■ **DIRECTIONS**:
Retype the listing below line for line, but only from the line with "- 16-Monatskalender, KAL" down to the line with "Lollipop Tree (Forchhammeria watsonii)", inclusive. Pictures stay out.

■ **SOURCE MATERIAL**:
------------------------------

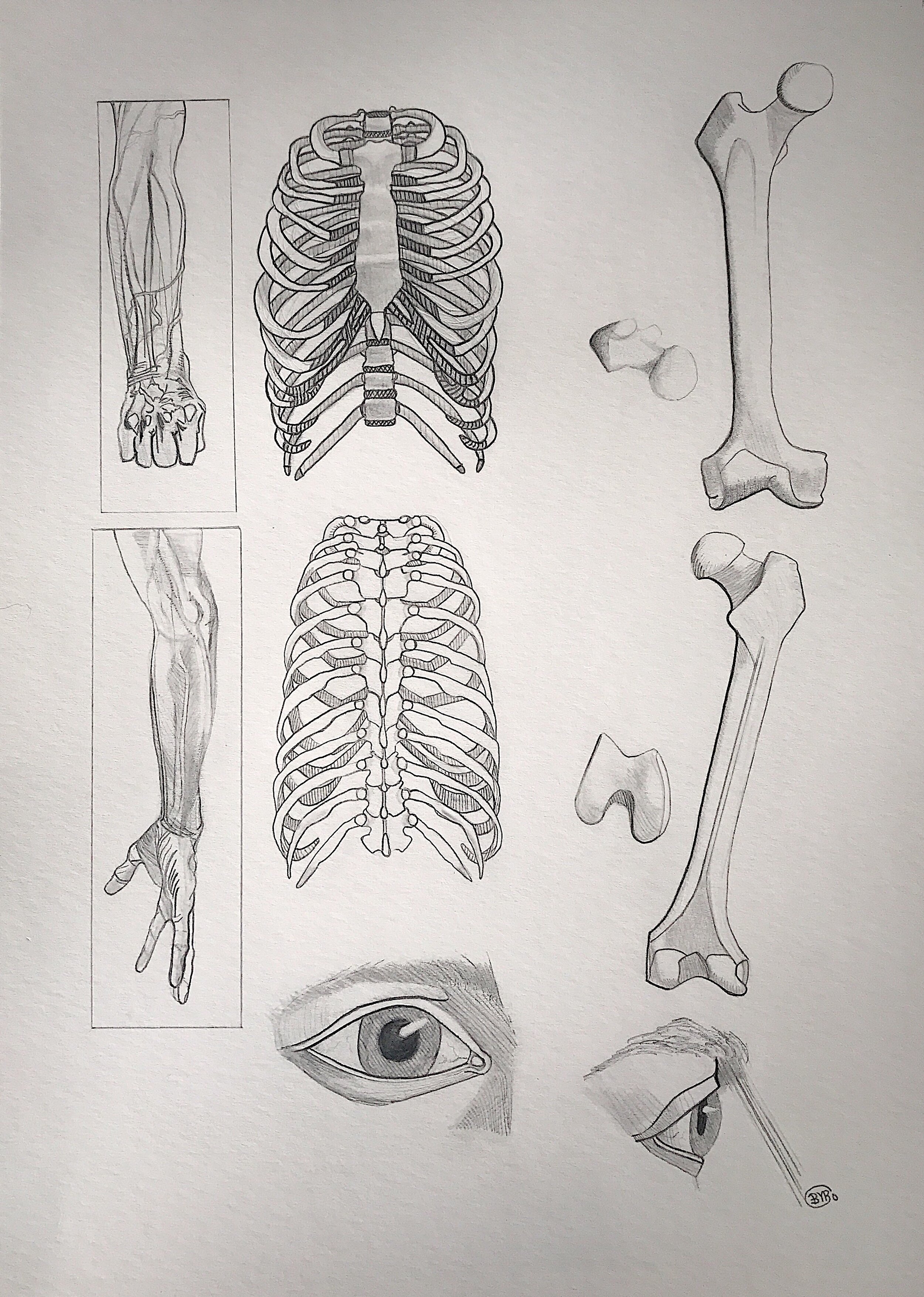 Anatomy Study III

------------------------------

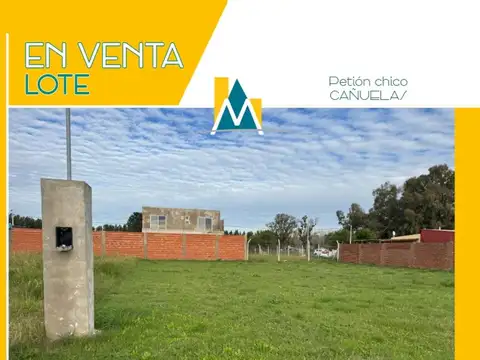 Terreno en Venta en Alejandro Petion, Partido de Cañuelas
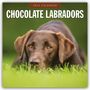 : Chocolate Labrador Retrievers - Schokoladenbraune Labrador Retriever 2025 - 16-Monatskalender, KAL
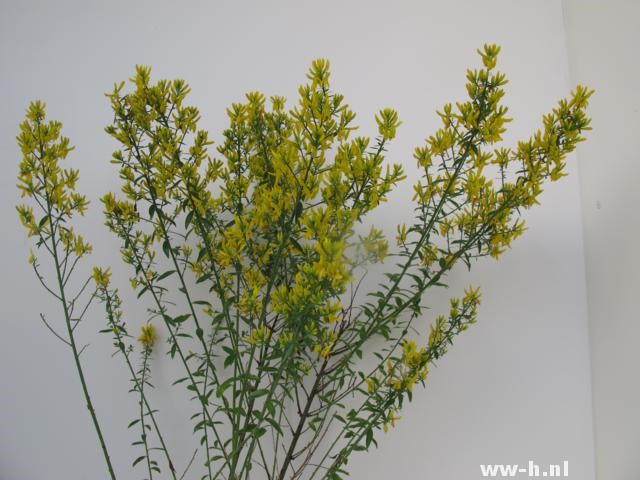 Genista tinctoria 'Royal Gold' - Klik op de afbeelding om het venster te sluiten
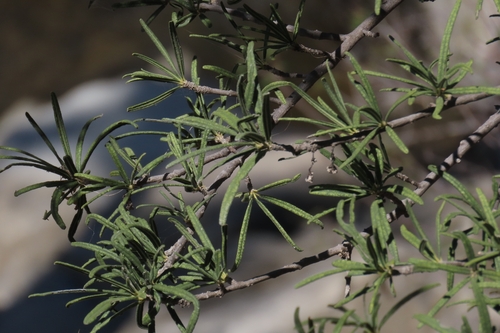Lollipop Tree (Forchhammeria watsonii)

------------------------------

■ **RESPONSE**:
 : Chocolate Labrador Retrievers - Schokoladenbraune Labrador Retriever 2025 - 16-Monatskalender, KAL
 Genista tinctoria 'Royal Gold' - Klik op de afbeelding om het venster te sluiten
Lollipop Tree (Forchhammeria watsonii)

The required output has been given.